* **Recorded data**:
+---+

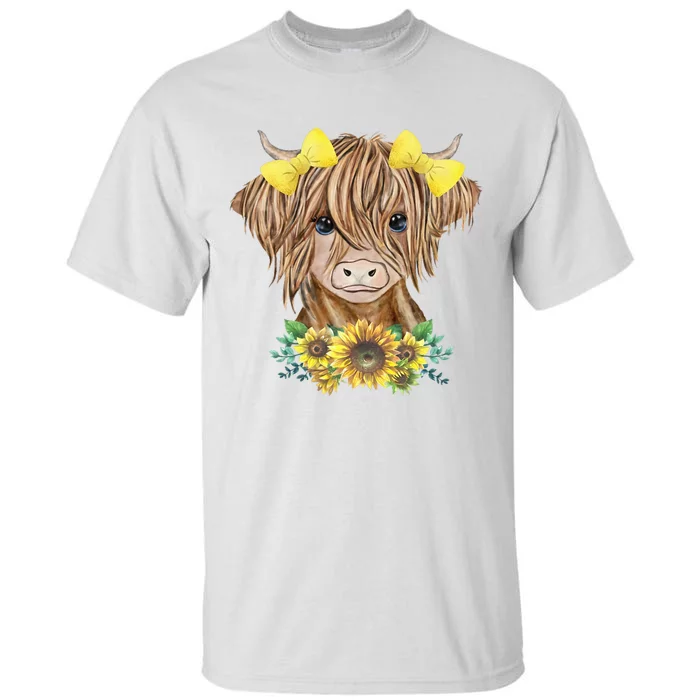 Cute Baby Highland Cow With Sunflowers Calf Animal Farm Tall T-Shirt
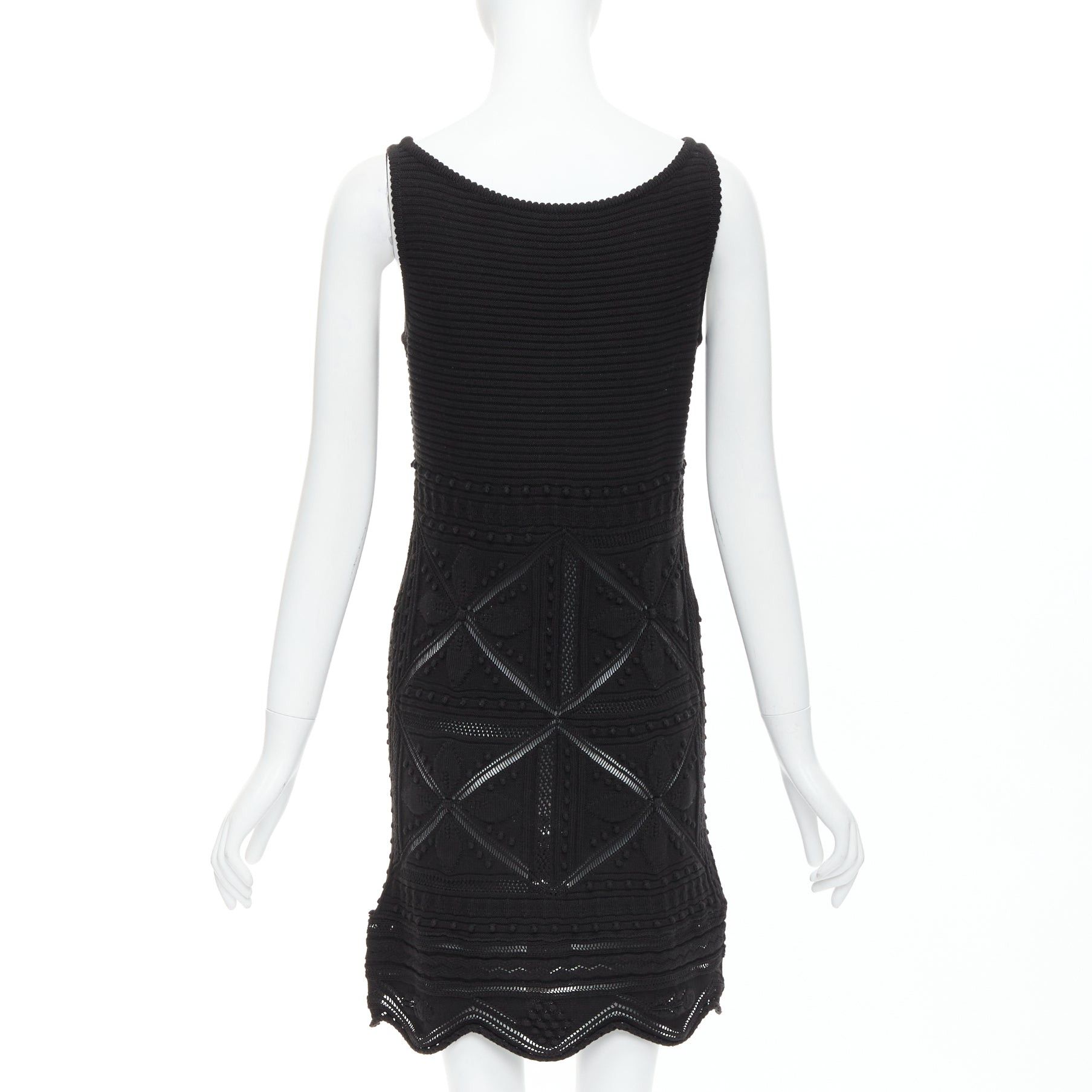 Chanel CHANEL 04P black cotton knitted pointelle floral sheer knee dress FR38 M Size M / US 6-8 / IT 42-44 - 5 Thumbnail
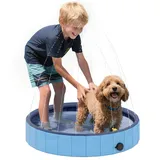 Faltbarer Kleiner Hundepool Mit Sprinkler, Rutschfestes, Strapazierfähiges Pvc, Ø 80 X 20 Cm, Hellblau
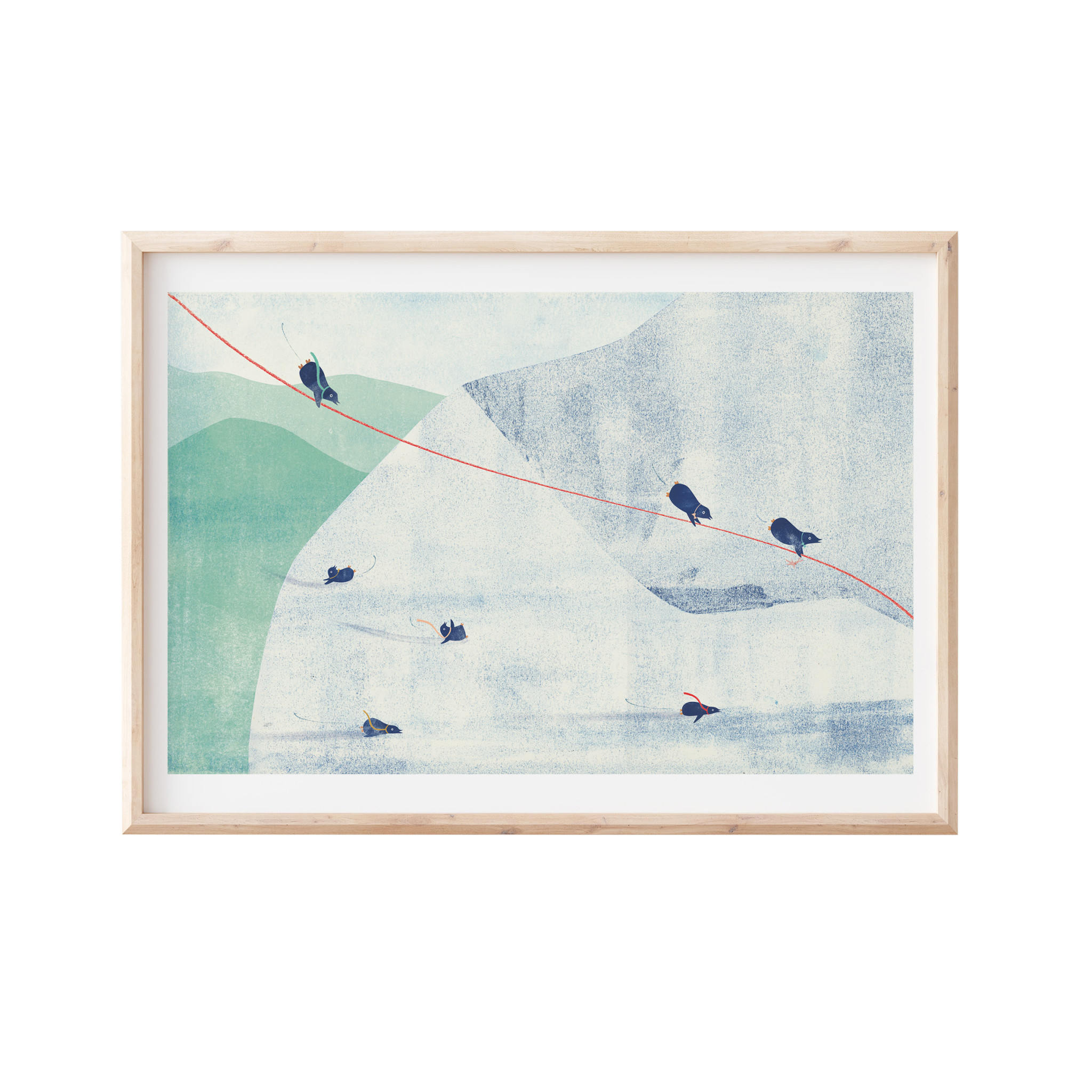 Francoise Beck Artprint 30x45 pinguin slide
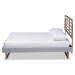 Baxton Studio Luciana Modern and Contemporary Light Grey Fabric Upholstered and Ash Walnut Brown Finished Wood Full Size Platform Bed - BSOLuciana-Light Grey/Ash Walnut-Full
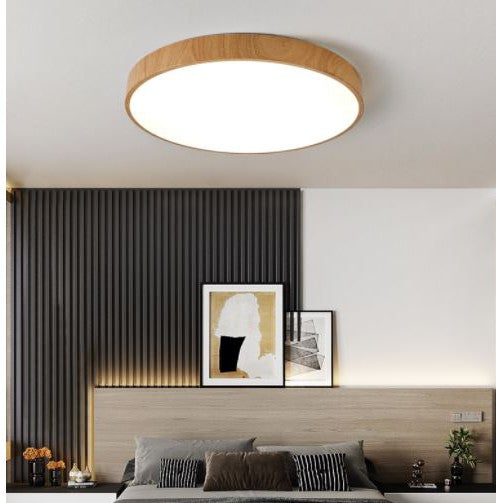 TML 24W 36W Nordic Minimal LED Ceiling Light Wood Laminate Frame Daylight Warm White Tritone Macaron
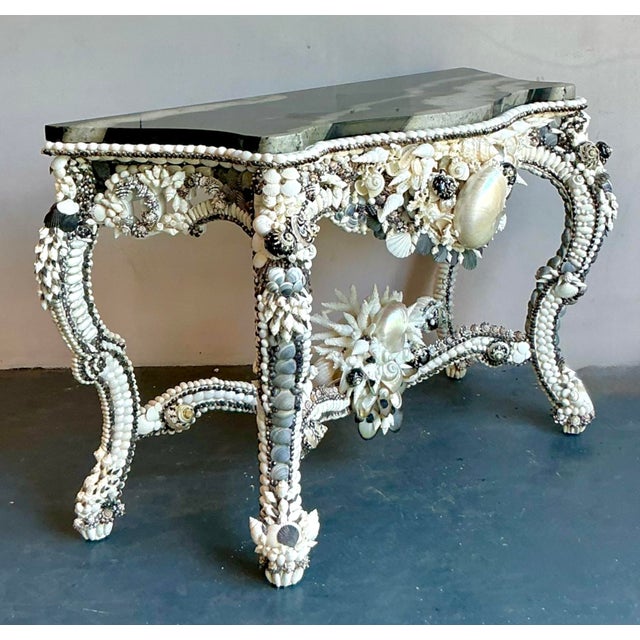 Vintage Coastal Shell Encrusted Console Table For Sale In West Palm - Image 6 of 8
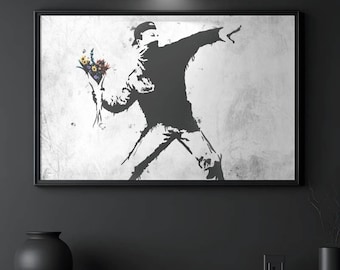 Banksy Flower Thrower Urban Political Poster: Graffiti Style Print
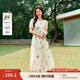 茵曼甜美植物碎花純棉連衣裙2025夏季女裝新品溫柔度假寬松長(zhǎng)裙子 杏色 XL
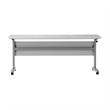Pemberly Row Nesting Flip Training Table with Steel Frame and T-Legs in Gray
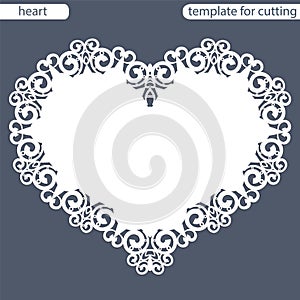 Greeting card with openwork border, paper doily under the cake, template for cutting in the form of heart, valentine card, weddin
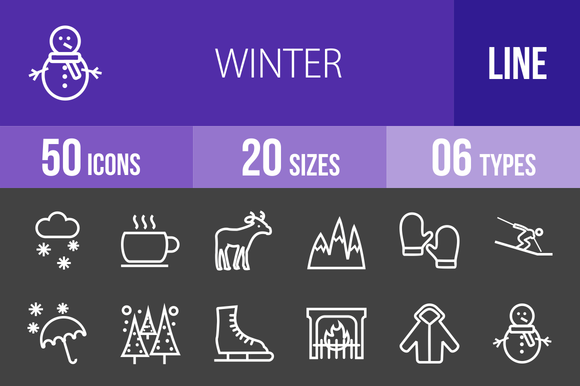 50 Winters Line Inverted Icons 50 Winters Line Inverted Icons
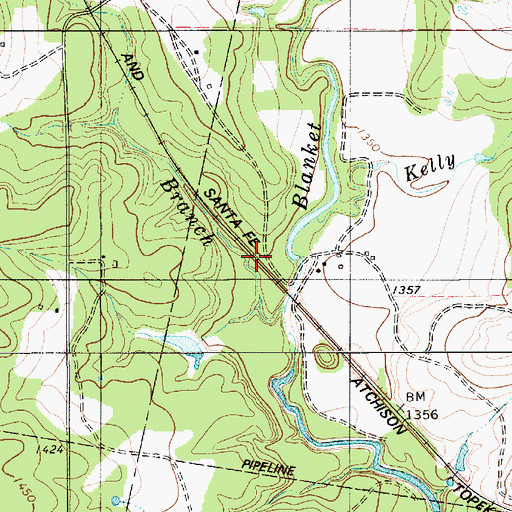 Topographic Map of Ashton Lake Dam, TX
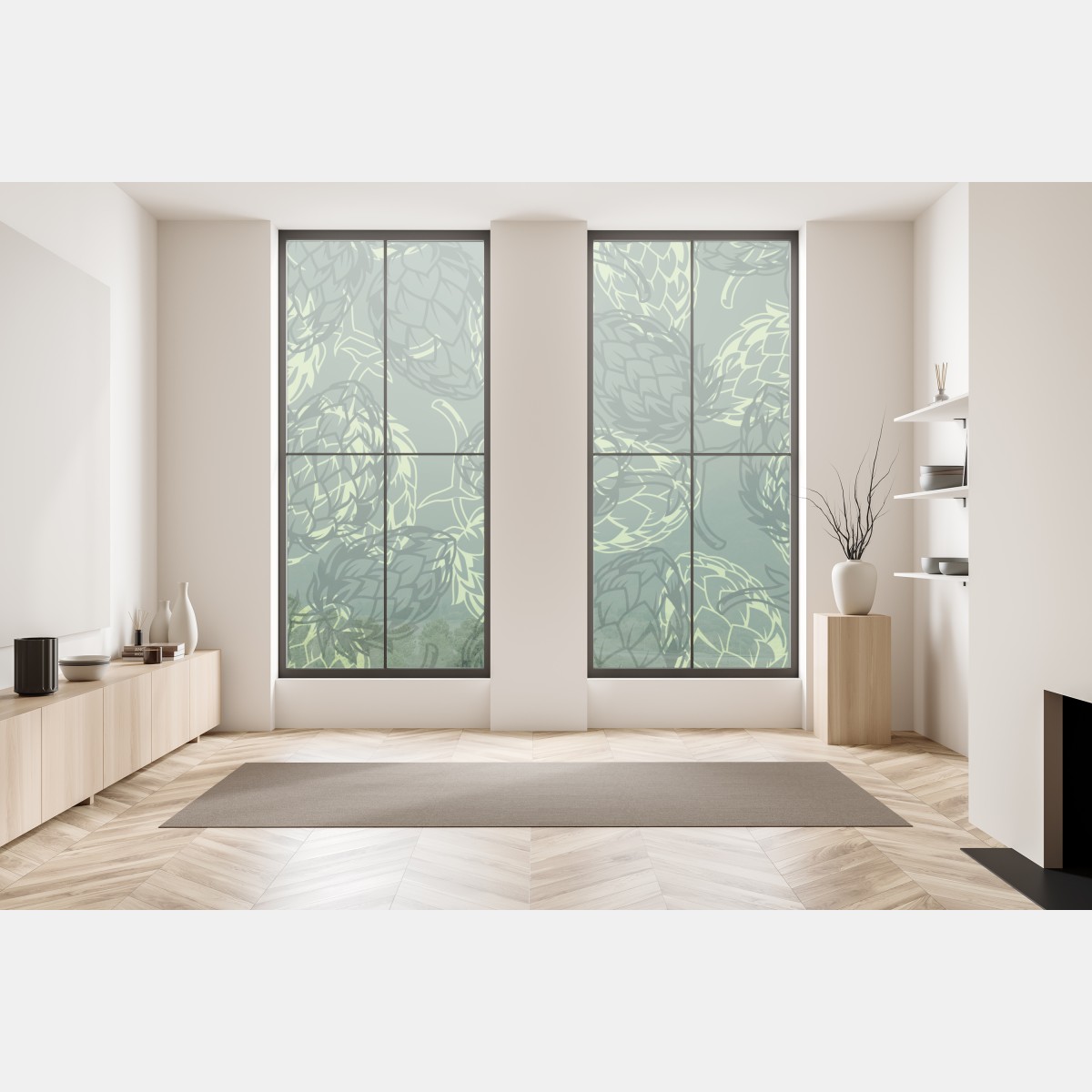 Naklejka na okno zielony wzór szyszek chmielu – Wallissimo® Naklejka na okno zielony wzór szyszek chmielu – Wallissimo®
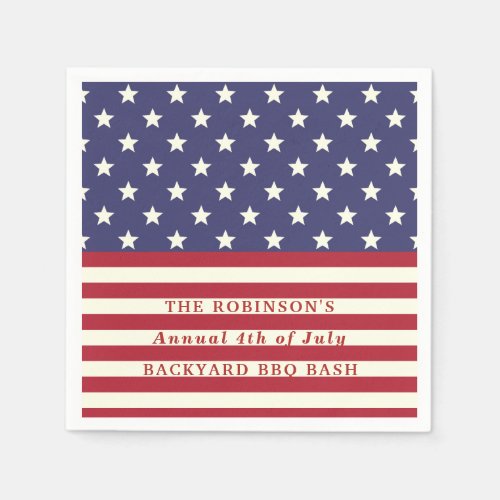 4th of July Flag Patriotic Stars Stripes  Custom Napkins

+---+

* **What to produce**: Nothing but the lines from the one holding "Wallissimo® Naklejka na" through the last line of the entries should be written out, exactly and inclusively, minus the pictures.

* **Solution to this exercise**:
 Naklejka na okno zielony wzór szyszek chmielu – Wallissimo® Naklejka na okno zielony wzór szyszek chmielu – Wallissimo®
 4th of July Flag Patriotic Stars Stripes  Custom Napkins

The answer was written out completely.